Sobre as características da personalidade como o sentimento de viver o presente, segundo os relatos, os filhos tentavam aproveitar ao máximo as atividades cotidianas que lhes davam prazer. No total, seis familiares associaram a personalidade dos filhos como uma explicação para a morte abrupta. Dos seis familiares, citamos dois exemplos, uma irmã e uma mãe, como mostram os relatos abaixo:

[...] o meu irmão era muito agitado, não tinha mau tempo com ele e às vezes eu dizia: “Mano, por que tu não acalma um pouco?”, e ele dizia assim: “É que eu não tenho o mesmo tempo que vocês”, eu não entendia. E ele dizia assim: “Vocês vão ver, eu ainda vou morrer em festa, rodeado de mulher e vou estar feliz, eu não me vejo velho, eu vou fazer festa, que se eu morrer em festa, pode ter certeza que eu estou feliz”, e a gente não dava bola pra esse tipo de coisa, mas agora escutando. A mesma coisa o filho da nossa funcionária dizia “Mãe, tu não fica chateada, mas eu não vim pra criar raiz aqui”, e ela achava que era a questão de Santa Maria, de querer sair, hoje ela realmente entende que não, que ele realmente não veio criar raiz, parece que de alguma forma eles sabiam [...]. (entrevista, irmã de Silvinho, 2014)
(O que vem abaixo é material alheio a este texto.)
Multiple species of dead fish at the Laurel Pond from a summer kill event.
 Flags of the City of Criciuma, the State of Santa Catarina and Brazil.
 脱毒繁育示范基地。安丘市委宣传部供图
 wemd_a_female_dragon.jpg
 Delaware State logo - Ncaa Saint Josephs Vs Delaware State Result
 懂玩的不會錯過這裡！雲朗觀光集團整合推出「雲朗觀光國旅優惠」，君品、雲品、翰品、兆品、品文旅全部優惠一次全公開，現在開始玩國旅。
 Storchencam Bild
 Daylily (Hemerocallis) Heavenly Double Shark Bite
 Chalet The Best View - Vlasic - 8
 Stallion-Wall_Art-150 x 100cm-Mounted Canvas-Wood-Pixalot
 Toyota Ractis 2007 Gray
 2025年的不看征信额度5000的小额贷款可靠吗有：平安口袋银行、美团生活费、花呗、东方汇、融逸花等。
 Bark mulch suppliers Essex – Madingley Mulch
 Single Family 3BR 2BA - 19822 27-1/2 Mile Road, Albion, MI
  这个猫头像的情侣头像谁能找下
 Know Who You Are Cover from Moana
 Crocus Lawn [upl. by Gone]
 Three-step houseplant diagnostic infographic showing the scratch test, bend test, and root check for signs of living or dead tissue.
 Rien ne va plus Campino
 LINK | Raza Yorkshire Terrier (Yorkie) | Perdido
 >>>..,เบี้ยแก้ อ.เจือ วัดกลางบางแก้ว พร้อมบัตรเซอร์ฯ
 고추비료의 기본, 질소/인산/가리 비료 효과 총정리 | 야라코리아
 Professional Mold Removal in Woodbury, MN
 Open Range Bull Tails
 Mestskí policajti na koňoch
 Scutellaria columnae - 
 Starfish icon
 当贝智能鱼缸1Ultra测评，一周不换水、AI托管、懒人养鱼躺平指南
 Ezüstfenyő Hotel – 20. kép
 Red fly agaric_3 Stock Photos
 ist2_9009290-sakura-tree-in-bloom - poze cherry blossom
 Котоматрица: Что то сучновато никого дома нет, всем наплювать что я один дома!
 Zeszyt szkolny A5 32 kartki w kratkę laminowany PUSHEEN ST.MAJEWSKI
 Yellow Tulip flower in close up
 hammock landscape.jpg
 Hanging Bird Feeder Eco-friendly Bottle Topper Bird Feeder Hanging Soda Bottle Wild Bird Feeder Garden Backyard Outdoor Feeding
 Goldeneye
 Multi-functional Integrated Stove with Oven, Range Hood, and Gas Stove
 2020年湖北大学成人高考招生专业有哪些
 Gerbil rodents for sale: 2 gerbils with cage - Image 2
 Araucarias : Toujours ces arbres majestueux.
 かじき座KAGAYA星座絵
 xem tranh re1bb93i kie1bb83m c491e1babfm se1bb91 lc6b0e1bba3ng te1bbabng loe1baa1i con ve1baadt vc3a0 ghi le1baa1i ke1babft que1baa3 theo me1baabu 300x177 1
[...] E ela não parava quieta, voava as tranças, era um entra e sai e sempre tinha coisa pra fazer, me lembro que a prima da Flávia falou que “parecia que elas tinham pressa pra fazer as coisas”, e agora a gente entende por que isso, hoje fica claro o porquê dessa pressa de viver, de correr, de fazer festa, de passear, de curtir a vida [...]. (entrevista, mãe de Gilmara, 2013)

Neste primeiro bloco de relatos dos familiares, frisamos que a primeira informante não participa ativamente das redes, mas, sim, sua mãe. Porém, mesmo não tendo uma relação direta com a rede, manifestou um discurso similar aos demais familiares. Isso ocorreu devido ao fato de os familiares terem o hábito de relembrar traços da personalidade dos filhos, pequenos eventos, situações que são compartilhadas na rede e podem ter influenciado esse contexto.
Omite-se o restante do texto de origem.